Material provided
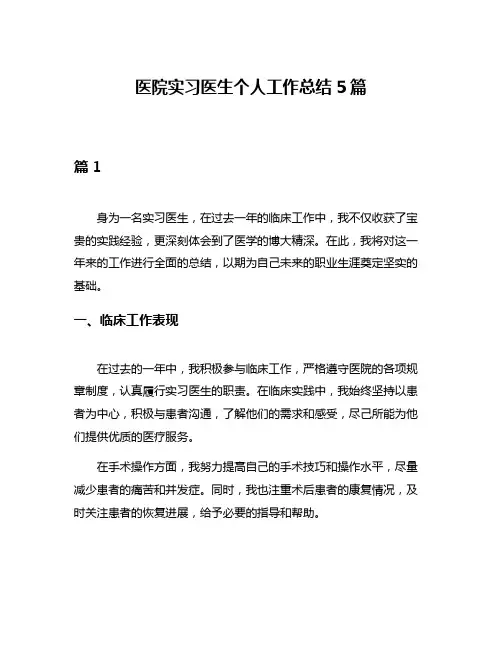 医院实习医生个人工作总结5篇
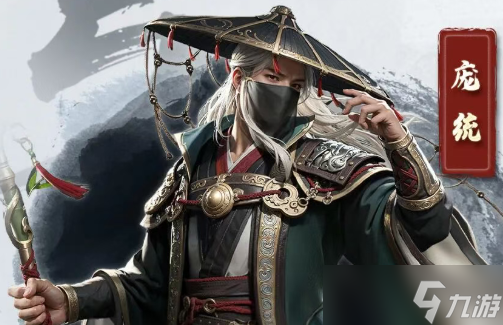 三国群英传策定九州司马懿技能解析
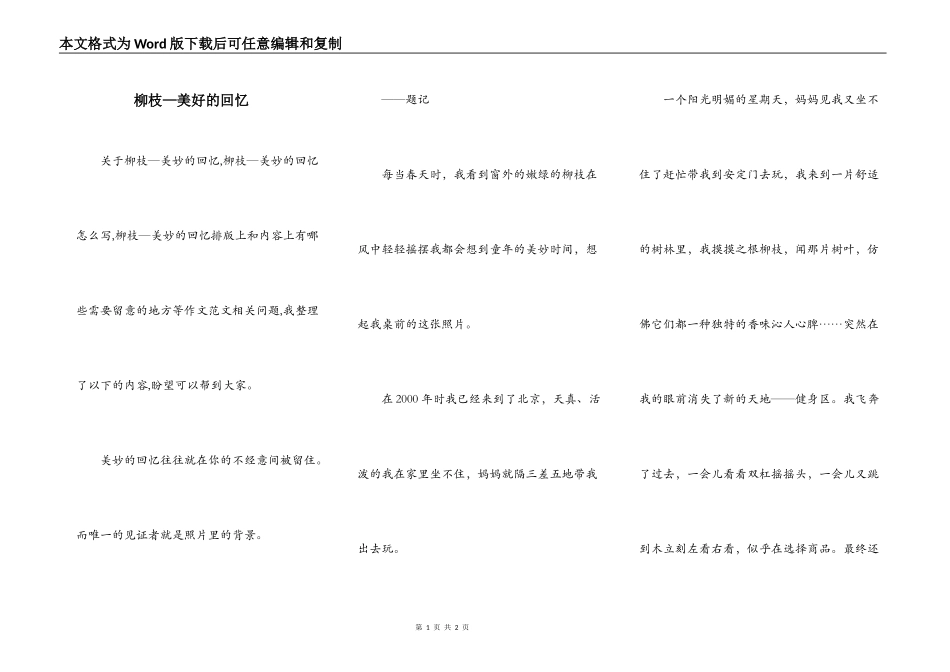 柳枝—美好的回忆_第1页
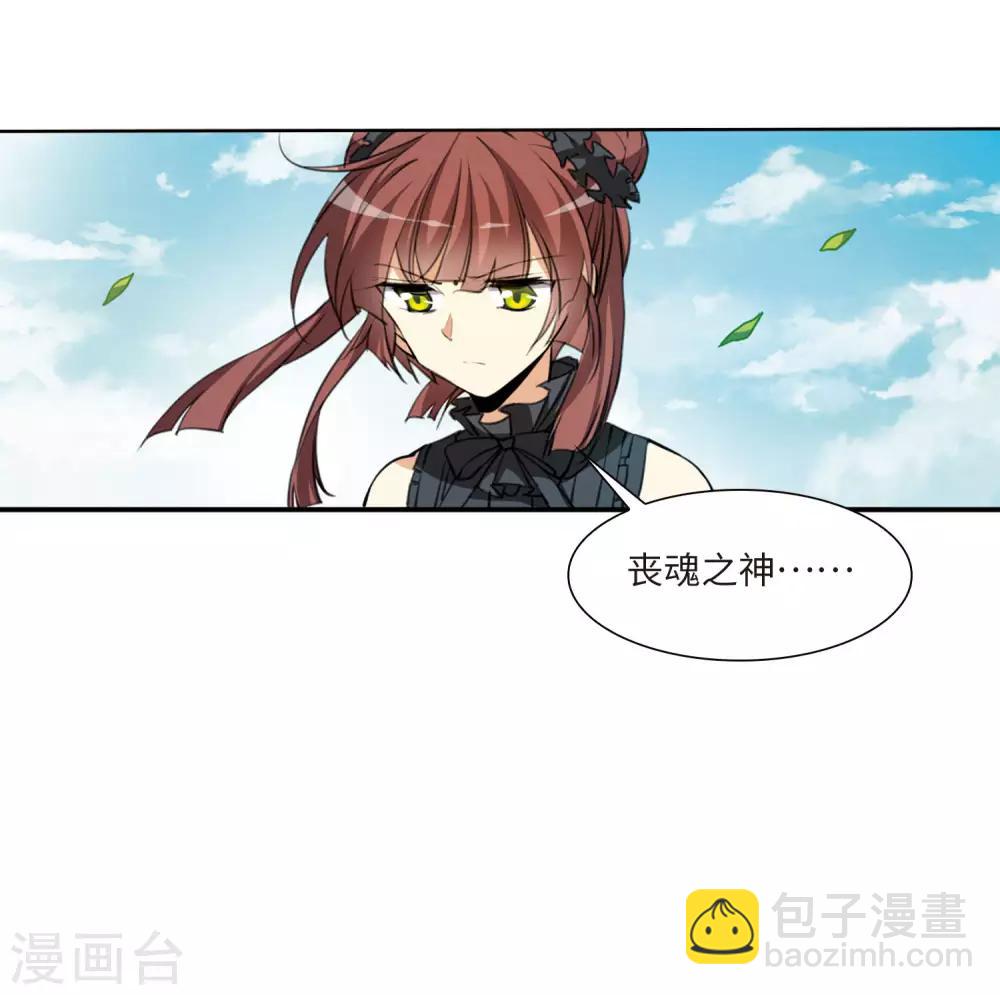 第8话2 黑暗宿命-第19话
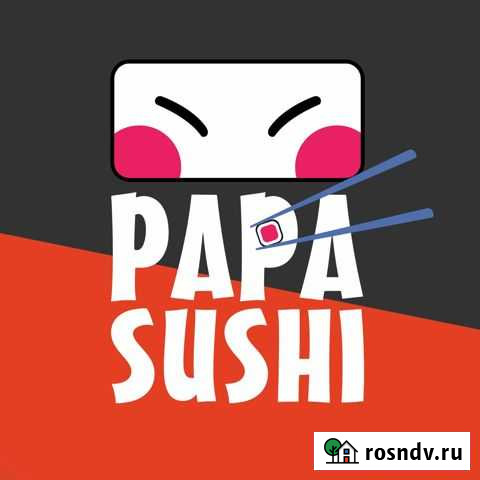 Повар сушист Кемерово - изображение 1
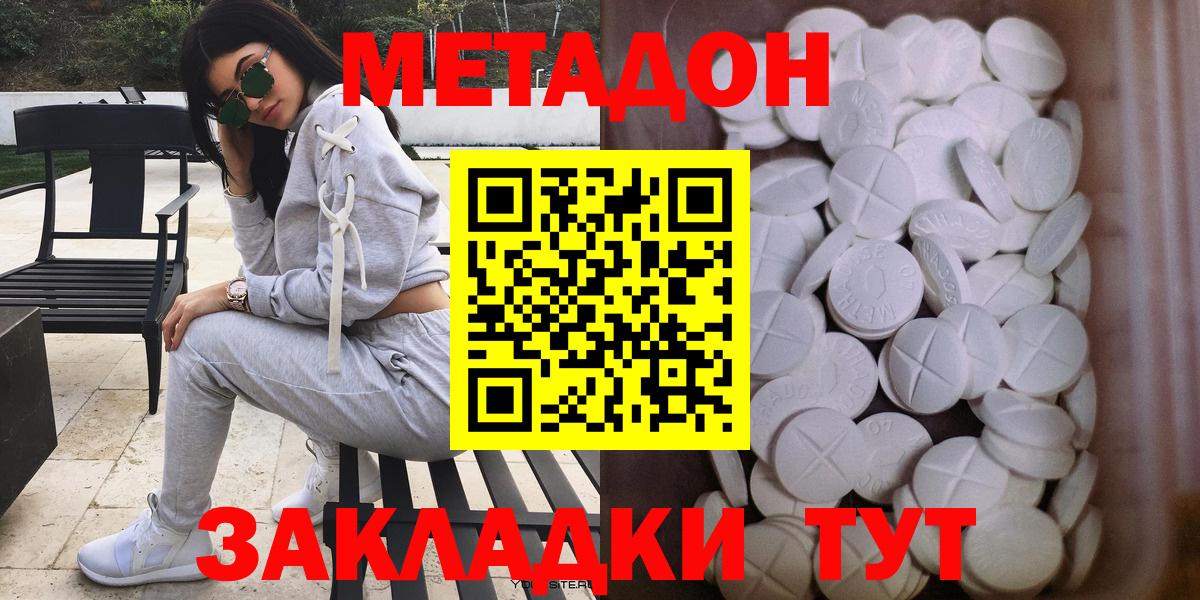 Метадон VHQ  Вход с VPN  Стрежевой 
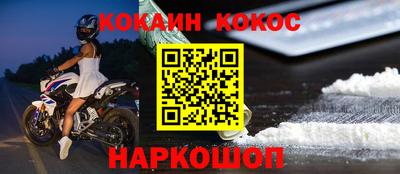 бутик Беслан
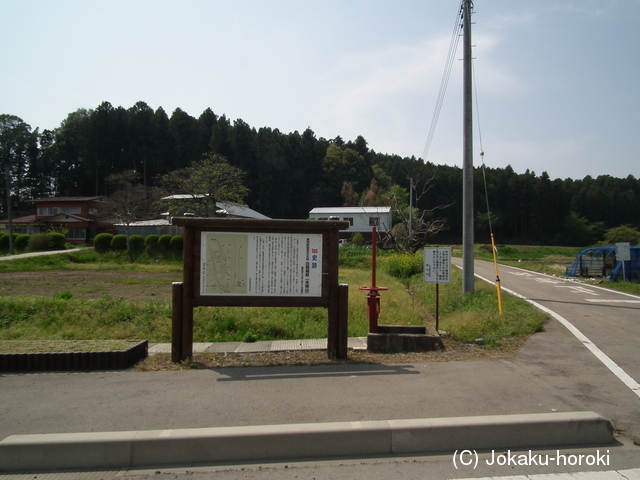 下野 白旗城の写真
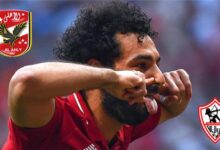 ما الفريق المصري الذي يشجعه محمد صلاح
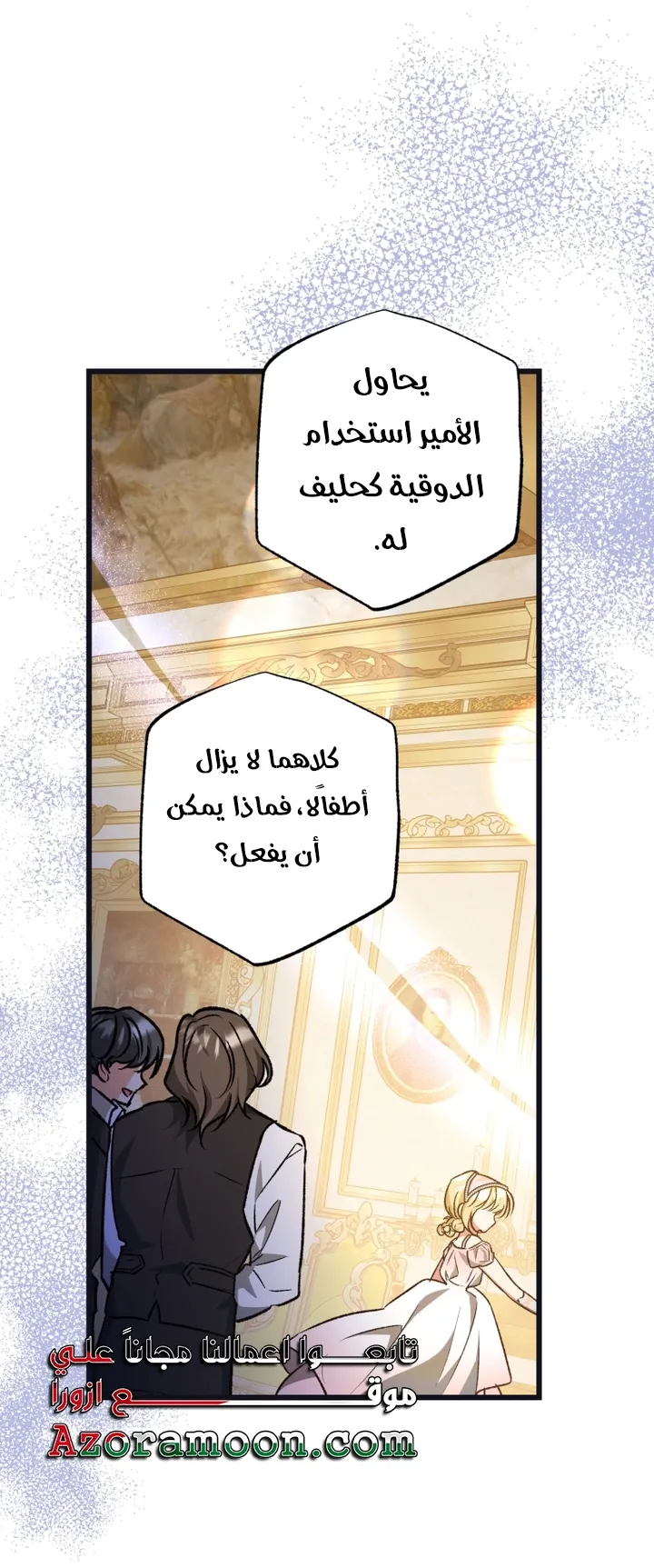 الصفحة 25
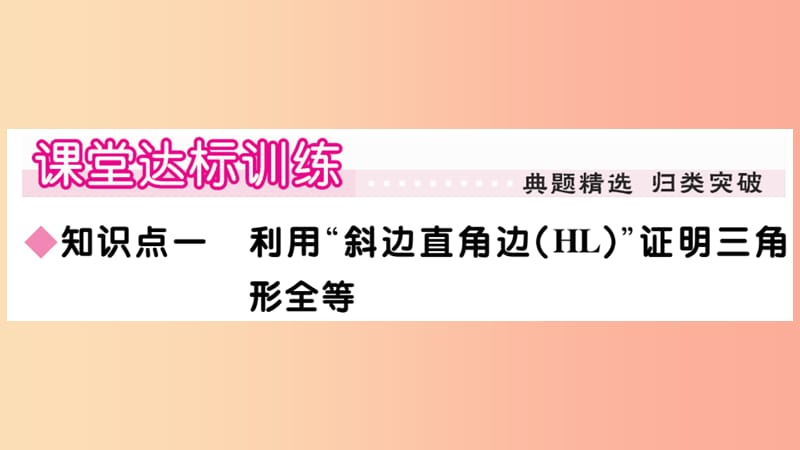 八年级数学上册 第13章 全等三角形 13.2 三角形全等的判定 13.2.6 斜边直角边习题课件 华东师大版.ppt_第3页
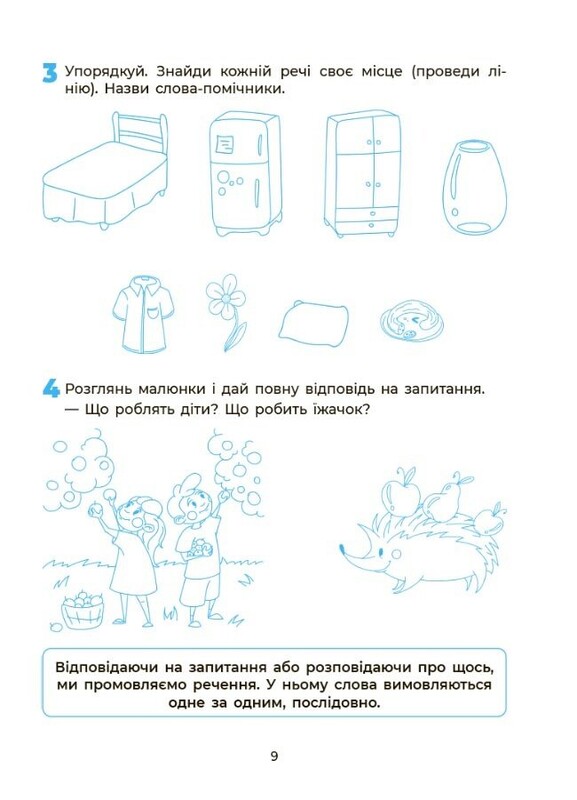 Впевнений старт. Пізнаємо світ грамоти. Робочий зошит 5-6 років / Ірина Коровякова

Task prompt
Return the records above verbatim, images excluded.

Answer to this task
 医院实习医生个人工作总结5篇
 三国群英传策定九州司马懿技能解析
 柳枝—美好的回忆_第1页
 第8话2 黑暗宿命-第19话
 Повар сушист Кемерово - изображение 1
 Метадон VHQ  Вход с VPN  Стрежевой 
 бутик Беслан
 下野 白旗城の写真
 ما الفريق المصري الذي يشجعه محمد صلاح
 الصفحة 25
 八年级数学上册 第13章 全等三角形 13.2 三角形全等的判定 13.2.6 斜边直角边习题课件 华东师大版.ppt_第3页
 Впевнений старт. Пізнаємо світ грамоти. Робочий зошит 5-6 років / Ірина Коровякова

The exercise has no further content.